This week I continued working on our person detection algorithm using thermal imaging data, and testing it. Some time was also spent this week on the individual and group ethics assignment. I am currently on schedule and next week I hope to work on setting up the algorithm on the Raspberry Pi and connecting the thermal camera to the Raspberry Pi as much of what we have worked on this week has been setting up the Raspberry Pi. I think it will be important to get a sense of what the data that the thermal imaging camera in practice will be picking up as the next stage of testing and optimizing the detection algorithm. The testing data available on line might not be the best to represent what our system will actually be seeing.

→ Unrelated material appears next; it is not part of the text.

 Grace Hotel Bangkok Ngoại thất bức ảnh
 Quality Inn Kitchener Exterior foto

Andy’s Status Report for October 25
This week, I worked with my teammates to set up the respberry pi and adjusted the powering plan for our robot. Some other time was spent on the ethics assignment. Due to the problems with the previous powering plan, I am now behind the schedule. I should be already working on robot assembly at this time according to the original plan. I plan to spend more time working on the project with my teammates. For next week, I will first work on chassis assembly and help with software tasks. I will start robot assembly as soon as I got all the parts I need.
Team Status Report for October 25
The most significant risk for the team at this point is that we have not actually implemented very much yet. We have spent most of our time on design, and have not yet seen how everything will work in practice, so there could be unexpected problems that will arise. Additional risks include remaining uncertainty in the designs for the powering subsystem and for the global path planning algorithm.

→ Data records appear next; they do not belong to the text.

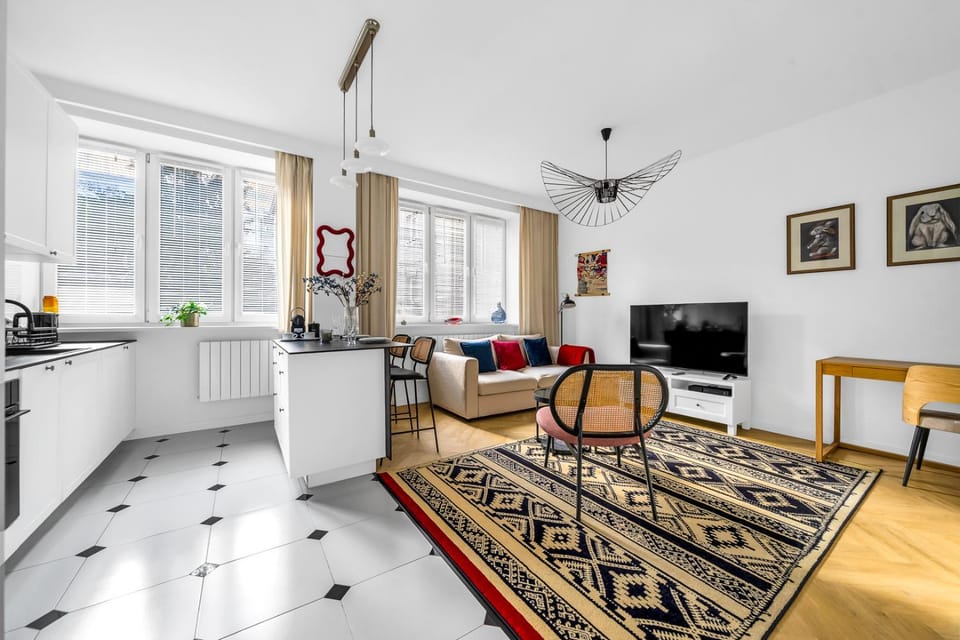 Communal lounge/ TV room, Kitchen or kitchenette, Living room, Seating area, Dining area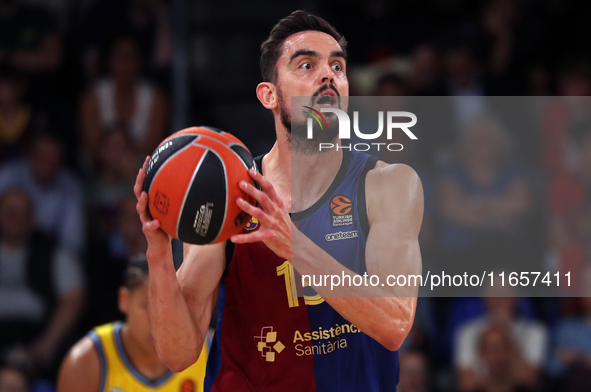 Tomas Satoransky plays during the match between FC Barcelona and Alba Berlin, corresponding to week 2 of the Turkish Airlines Euroleague, at...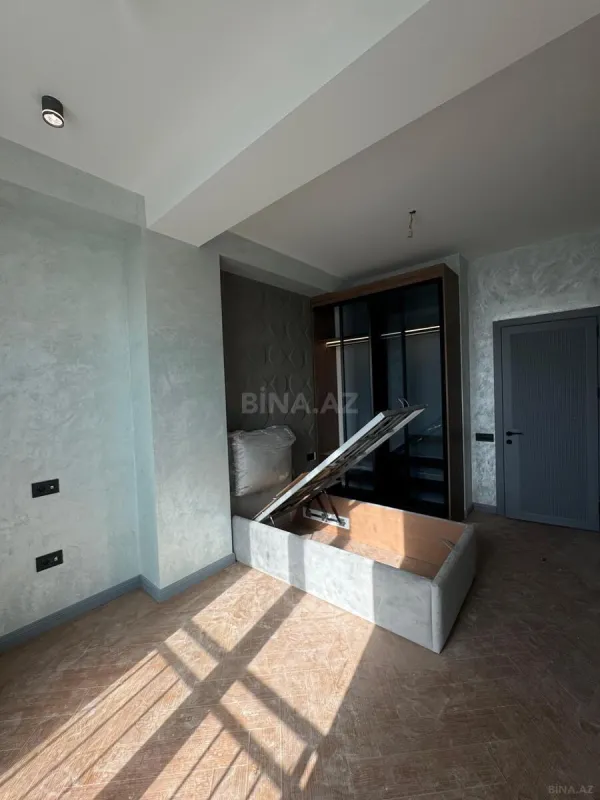 Satılır 4 otaqlı mənzil 100 m²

There was one main change to the design since the previous status report. This has to do with obstacle detection for local path planning. Since the Lidar scanner may be too high off the ground to detect short obstacles, we determined that an additional sensor was needed closer to the ground for use in local path planning to allow the robot to avoid these obstacles. We decided to use an ultrasonic sensor since it is cheap and simple to use, while also being effective for the necessary task. There was enough extra money in the budget for this sensor, so the most significant cost is that it is an additional component to set up, which we believe we can handle since it should be relatively easy to use.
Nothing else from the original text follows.